The second recension, the edition of which was undertaken by Marcion himself. In this Marcion responded already critically to the plagiarised version of his first edition, hence took notice of and potentially may have also revised his previous recension. Calling the altered version a ‘copy’, Marcion certainly acknowledged that the plagiarised product was based on his own, older text. The reason for himself to formally publish his own version, was of course the challenge by the plagiarised version. And in order to defend his own product, he added first the Antitheses and combined the Gospel with the ten Pauline letters, certainly not, as we can learn from this process, because he wanted to evangelize the world – and he certainly had never dreamt that his initial work would be further copied and eventually lead to the fourfold New Testament (and to harmonizations of it). Instead, his publication was a direct reaction against the case of plagiarism in self-defense. When Geoffrey M. Hahneman in his book on the Canon Muratori states that ‘Marcion’s basic intent appears to have been to recover a lost tradition’, we can certainly agree, but the quoted text of Tertullian goes against his further view that ‘there is no direct evidence that Marcion knew or excluded other gospels. So far as is known, Marcion never polemized against the other gospel traditions.’[2] Although we are not aware that Marcion knew of more than the one plagiarism, we do not know whether he is talking about Luke (it could also be Matthew, as Tertullian calles the latter often ‘our’ Gospel) or another version. Having said that Marcion, according to the above quote, was highly critical of the copy made of his Gospel, to the extent that he wrote his Antitheses and published his New Testament, the question still needs to be answered whether Marcion intentionally excluded other writings, as Tertullian claims (disallowing Rev., 1-2Tim., Tit.[3]), and thought of his New Testament as a ‘closed’ collection. If, what would need further research, later Marcionites altered and broadened Marcion’s text, we may have to do with a collection that was meant to be ‘specific’ but not ‘fixed’.[4]

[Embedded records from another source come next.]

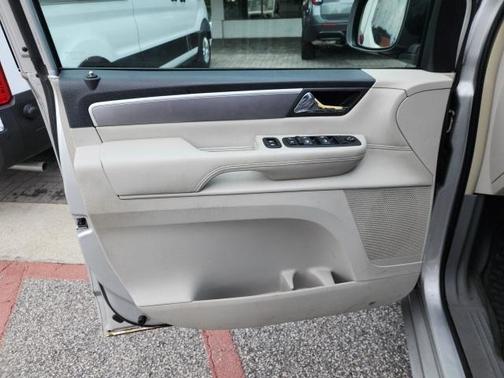 2010 Volkswagen Routan SEL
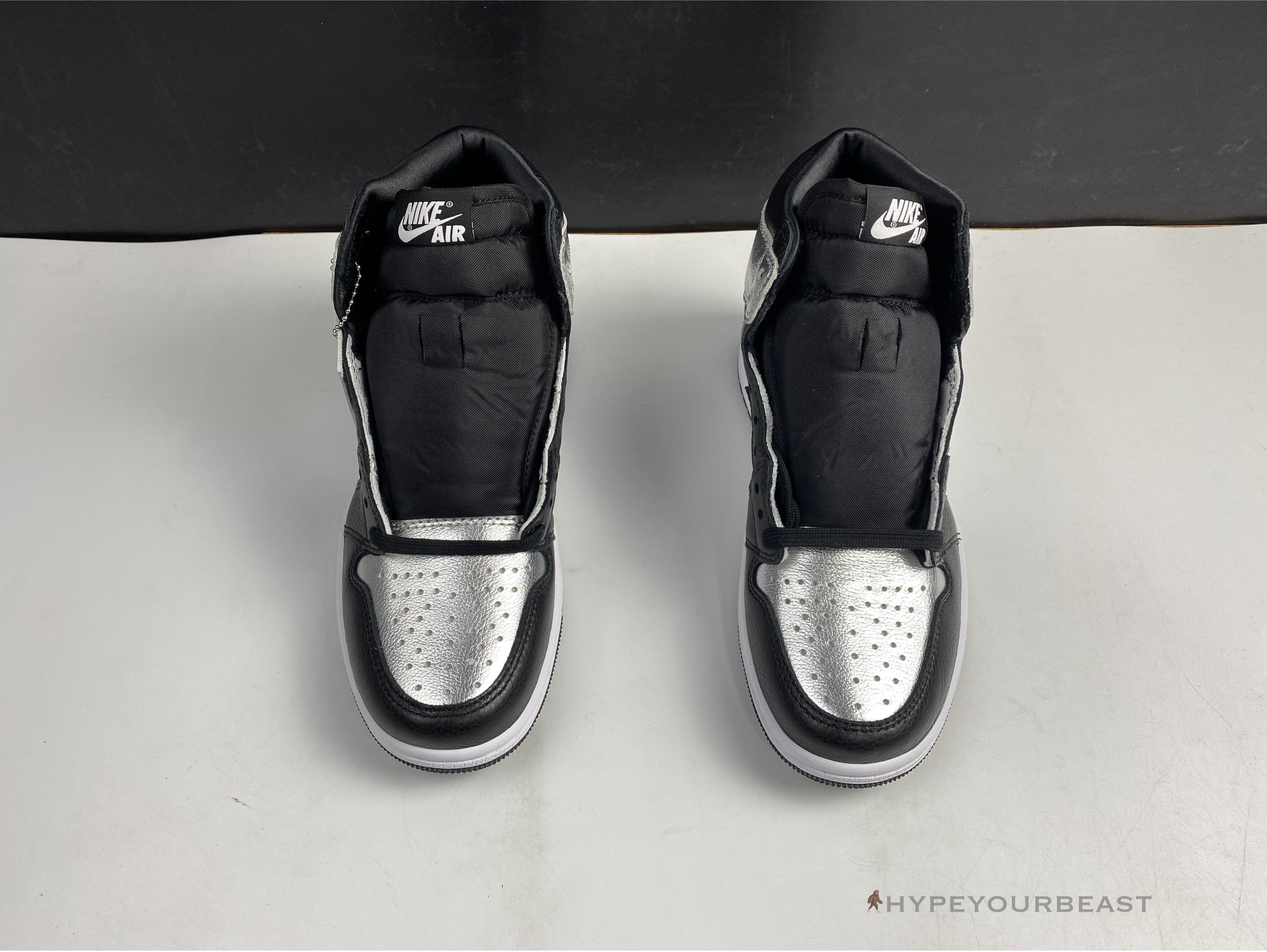 Air Jordan 1 Retro High Silver Toe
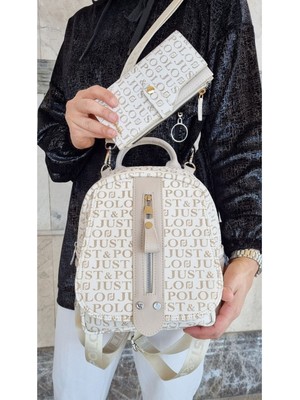Just Polo Kadın Krem Monogram Baskılı Sırt ve Omuz Çantası Cüzdan Kombini Günlük Kullanım İçin Şık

As Tertullian begins his own commentary of Marcion’s Gospel with reference to Marcion’s Antitheses which Marcion has added to the second recension, his publication of the Gospel, he had only knowledge of this second recension.
[1] Tert., Adv. Marc. IV 4,2: ‘Alioquin quam absurdum, ut, si nostrum antiquius probaverimus, Marcionis vero posterius, et nostrum ante videatur falsum quam habuerit de veritate materiam, et Marcionis ante credatur aemulationem a nostro expertum quam et editum.’
[2] G.M. Hahneman, The Muratorian Fragment (1992), 91.
[3] See Tert., Adv. Marc. IV 5,2; V 21.
[4] This differentiation in G.M. Hahneman, The Muratorian Fragment (1992), 91f. (ibid. more about later Marcionites).